Full title: Negotiating openness across science, ICTs and participatory development: Lessons from the AfricaAdapt network
In recent years, emergent forms of decentralized, open collaboration supported by information and communication technologies (ICTs) have given rise to many claims regarding their democratizing potential (Thompson, 2008). However, open knowledge initiatives vary widely with regard to the skills required to participate, the organization of production, ownership of the tools and outputs of collaboration. Some progress has been made in understanding the various dimensions of participation in ICT-supported, open collaborative initiatives, including the opportunities afforded to contributors to become involved in higher levels of decision-making (West and O'Mahony, 2008). Such concerns have also been at the core of debates on the empowering potential of participatory development which champions the engagement of local and indigenous communities in research and international development.

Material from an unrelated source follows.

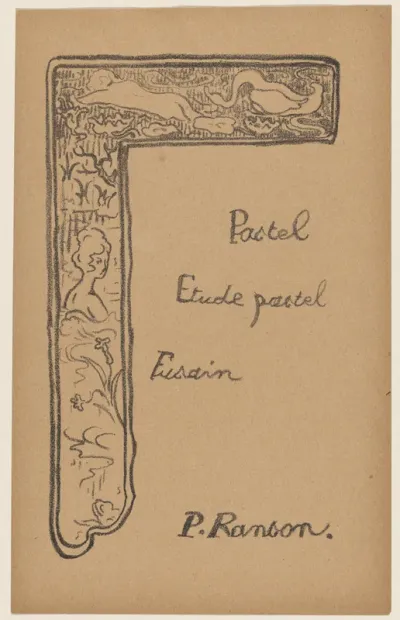 Vignette with Woman and Swans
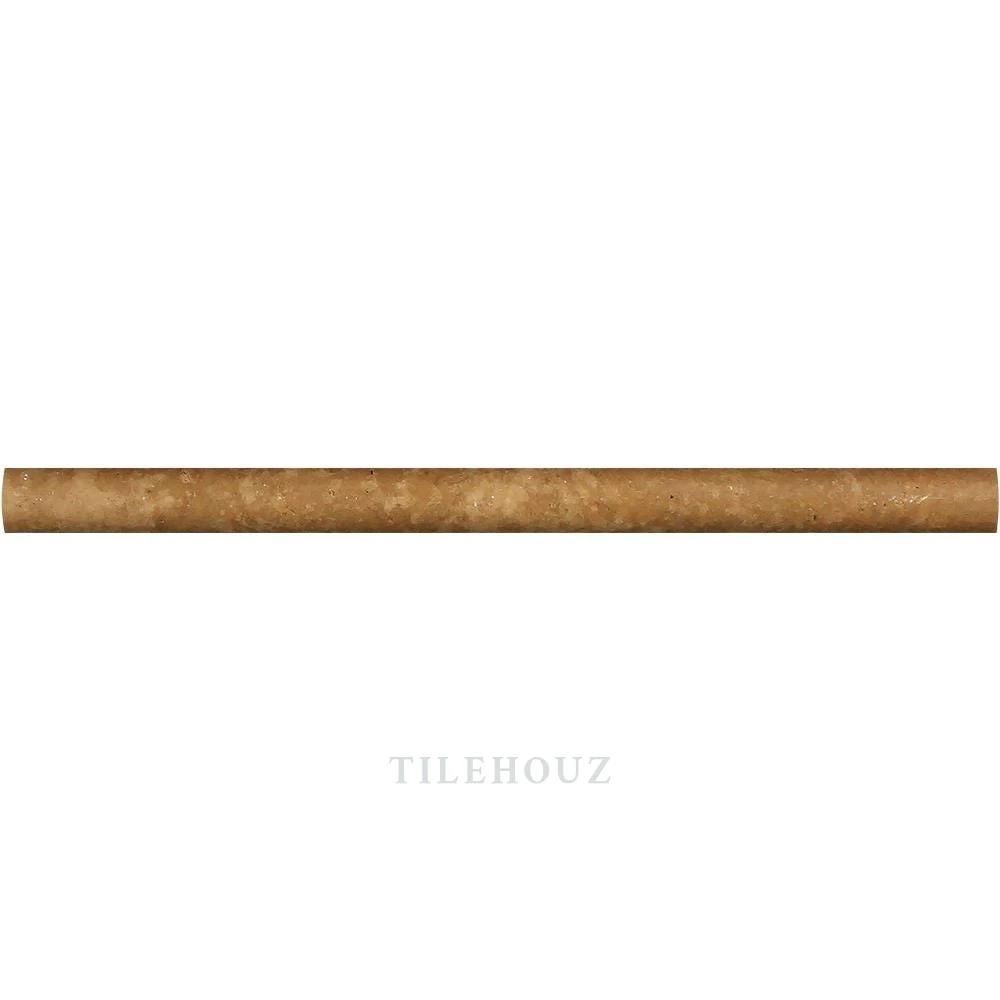 Travertine bullnose liner, 3/4 x 12, honed Noce, Tilehouz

Following this introduction, it is argued that there are significant challenges in realizing the empowering and productive potential of open participation especially when its various dimensions are taken into account. We argue that these challenges are compounded in ICT-supported initiatives that operate across different epistemic cultures (Knorr-Cetina, 1999) where stakeholder conceptions of participation and openness can be widely divergent. To illustrate this point we use as a case study the AfricaAdapt network (http://www.africa-adapt.net), which aims to create an ICT-supported knowledge-sharing network of African climate change adaptation actors that seeks the contributions of both science-based research and of local or traditional ecological knowledge (TEK).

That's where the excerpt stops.